Eine Hilfe am Herd hat das gutbürgerliche Lokal verlassen. Eine langjährige Servicekraft kann nach einer Operation derzeit nicht arbeiten. Veits zweite Kellnerin ist eigentlich eine Halbtagskraft. Junge Leute, auf die die 60-jährige Gastronomin als Aushilfen gehofft hatte, wollen nicht an den arbeitsreichen Wochenenden ins Lokal kommen. „Sie wollen lieber ein paar Stunden in der Woche aushelfen.“ Damit ist der Wirtin aber nicht gedient.

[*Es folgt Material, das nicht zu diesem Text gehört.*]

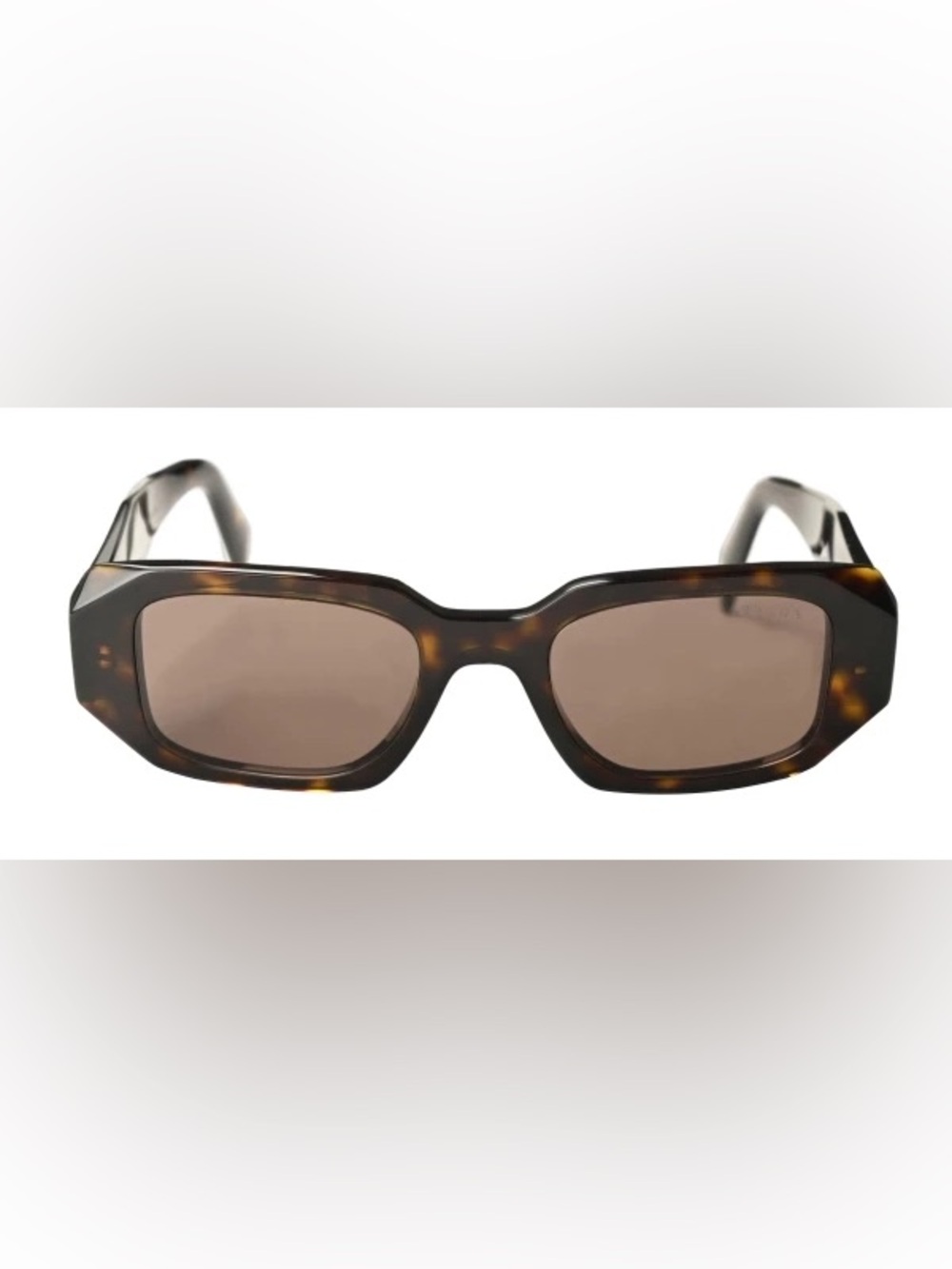 PRADA Tortoiseshell Sunglasses - Picture 4 of 10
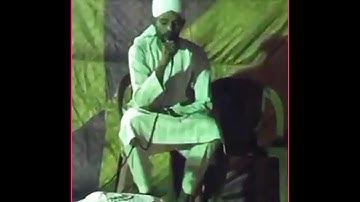 #تلاوة_خاشعة《الله الذي خلق السماوات والأرض وانزل من السماء ماء..》 سورة ابراهيم الفضيلة شيخ منذر طاهي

Wittener Gastronom hatte vor Corona 27 Leute – heute nur noch 18

Corona hat Situation noch verschärft

Neben Preissteigerungen und Corona-Auswirkungen sei das Thema fehlende Mitarbeiter das größte Problem der Gastro-Branche, sagt Thorsten Hellwig, Pressesprecher des Hotel- und Gaststättenverbandes Nordrhein-Westfalen. Eingeschränkte Öffnungszeiten und kleinere Speisekarten zeigten, wie Gastronomen auf den aktuellen Mangel reagieren.

Einen Personalmangel gab es auch schon vor Corona im Hotel- und Gaststättengewerbe. Die Pandemie hat die Situation der Betreiber allerdings noch verschärft.

Die Zwangsschließungen aufgrund der Pandemie, die Unsicherheit, wie es in Corona-Zeiten mit der Branche weitergeht – all das hat Folgen: Viele ehemals im Hotel- und Gaststättengewerbe Beschäftigte haben sich inzwischen umorientiert und arbeiten heute in ganz anderen Branchen.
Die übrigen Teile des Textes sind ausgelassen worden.